By  Updated on Tue Jan 8, 2013

Deposited a Rubber Check: Now What?

Deposited a Rubber Check: Now What?

David Goehring / Flickr source

There are still occasions when you receive checks as payment or as a gift. Checks are certainly a safer way to send money through the mail and chances are your great Aunt Martha still sends you that annual birthday check. While much of banking and financial transactions have gone electronic, accepting checks is still something to consider.

For the giver, checks are a way to not only keep money safe but also are used as a method of proof of payment. A canceled check can be used to show payment was made and many banks even make those canceled checks available through online banking service so should a problem arise, you actually have a visual copy of the cashed check.

The method for cashing checks has advanced. Back in the day, it could take up to a week or longer to process the check and transfer the funds. Because electronic transactions are possible these days, it may only take a few minutes or a day to have your check cashed by its recipient. To avoid getting hit with overdraft fees on your bank account, it is wise to never write a check your bank can’t cash. But what happens if you deposit a check that bounces?

The rubber check dilemma

The term ‘rubber check’ may sound old-fashioned but it is still relevant today. If you receive a check and it is written on an account with insufficient funds, the check will bounce as if it were made of rubber.

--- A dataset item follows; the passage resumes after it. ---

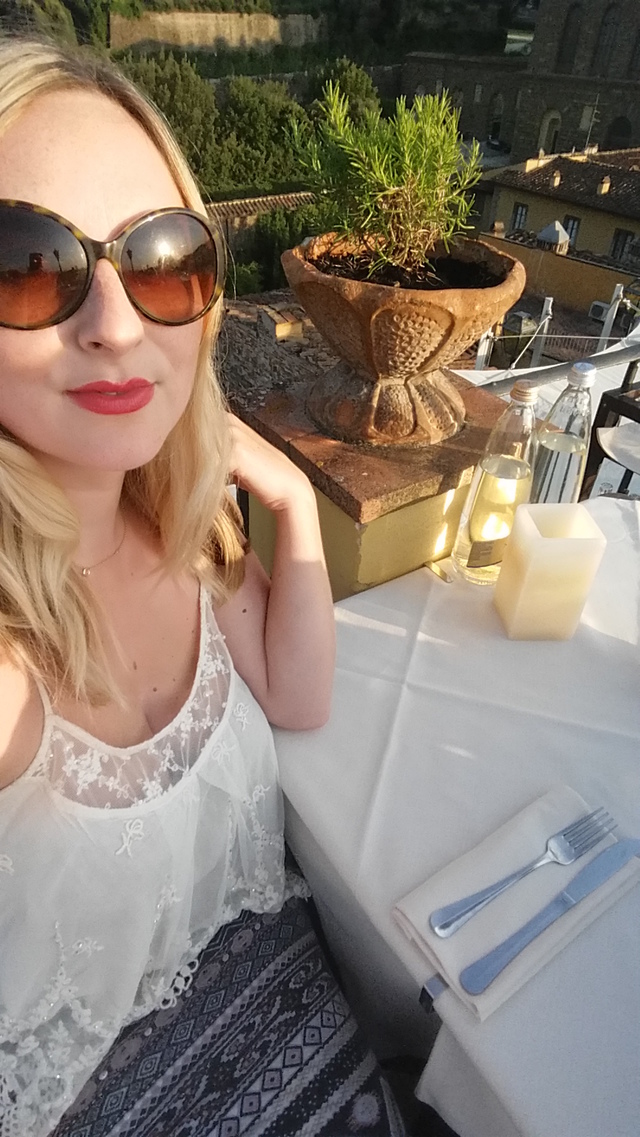 romantic evening in florence selfie dinner hollygoeslightly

The first problem to arise will be the fact you are out of the money that was in the deposit. If the check doesn’t clear, you cannot add that amount to your checkbook for use. Additionally, you’ll be charged a “returned item fee” for a failed check deposit.  The fee is often the same as the cost of an overdraft fee — roughly $35. To most customers, this fee is unfair: you are being penalized for someone else’s mistake — or intentional act.

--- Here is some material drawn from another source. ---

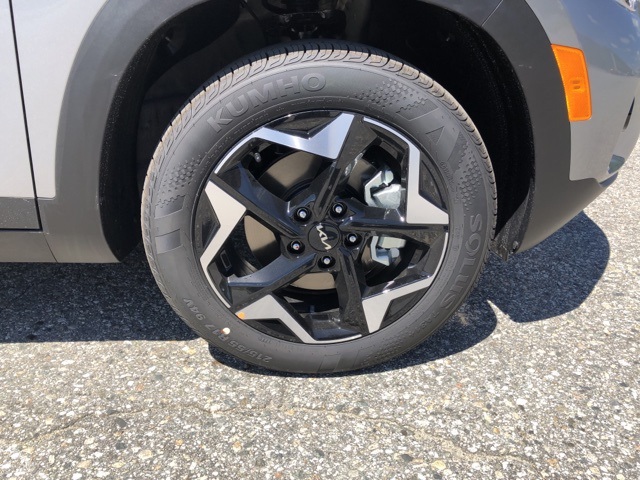 2026 Kia Seltos EX photo 29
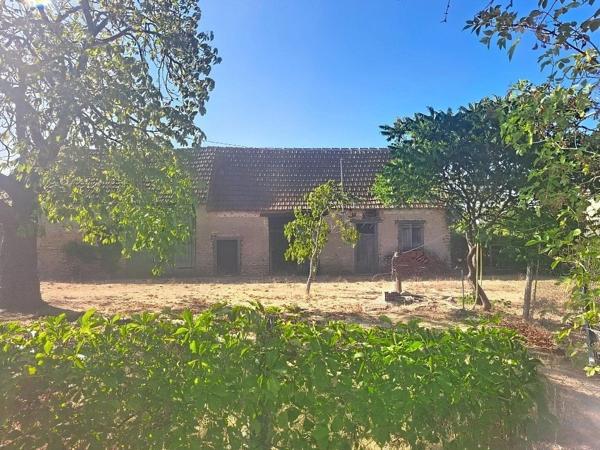 Envie d'une longère berrichonne à rénover ou d'une maison au calme pour profiter de la campagne ? Ne cherchez plus, venez découvrir cette belle opportunité pleine de potentiel !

Depending on your relationship with the check-writer, you may or may not be able to get your money back. If it is an honest mistake, the check-writer likely will be embarrassed and happy to reimburse you the check amount plus fees. People do make simple bank errors but it is advisable to ask for cash next time. You do have a right to ask for the money back if the check was meant to cover a purchase or other financial transaction. In the case of a gifted check, that is more of a personal decision you will have to make.

How banks handle checks

There may be some check-writers that intentionally write checks on accounts without enough money to clear just to get people off their backs because they know a deposit is coming soon. Regardless of what the future holds, their check may not clear because of how some banks process checks.

Many banking institutions will process checks on an account in descending order, with the largest check amounts being deducted first. Rather than your largest check being rejected and having only one fee assessed, banks count on the largest amounts clearing so that multiple smaller amount checks do not. Banks can then take several NSF fees which have grown substantially in the last few years.

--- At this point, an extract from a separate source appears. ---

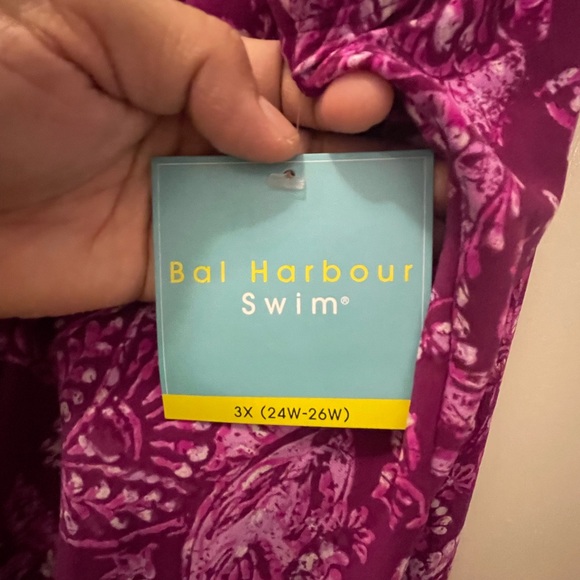 Bal Harbour Swim Top Plus Size 24W-26W - Picture 6 of 12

In the event that you are on the wrong end of a bad check, contact your bank as soon as you are notified of a bad check. In some cases, if you ask nicely, the bank can waive the fee. If you have a habit of depositing bad checks into your account, the fees may stand — and the bank may take other measures to ensure that it doesn’t happen again (e.g., freezing check-writing capabilities or closing your account altogether). Furthermore, frequent encounters with bad checks may lead to marks on your ChexSystems report, the banking equivalent of a credit report.

Don’t let it happen

If you are in a position where you often accept checks from people from strangers, it may be well worth your while to contact the bank from which the check is drawn and inquire about the availability of funds. You may be able to cash the check at the check-writer’s bank, but you may have to pay a check-cashing fee for being a non-customer. You may also want to consider a no-check policy outside of family and friends.

If you’ve ever gotten a bad check, you know the frustrations it can cause. For this reason, always make sure your account is in order before writing a check — whether it is to a friend or when you are making a bill payment. Writing a bad check will incur much higher penalty fees and could even create legal trouble. Overdraft protection can prevent your from one issuing a rubber check (but you may incur overdraft or overdraft-protection transfer fees).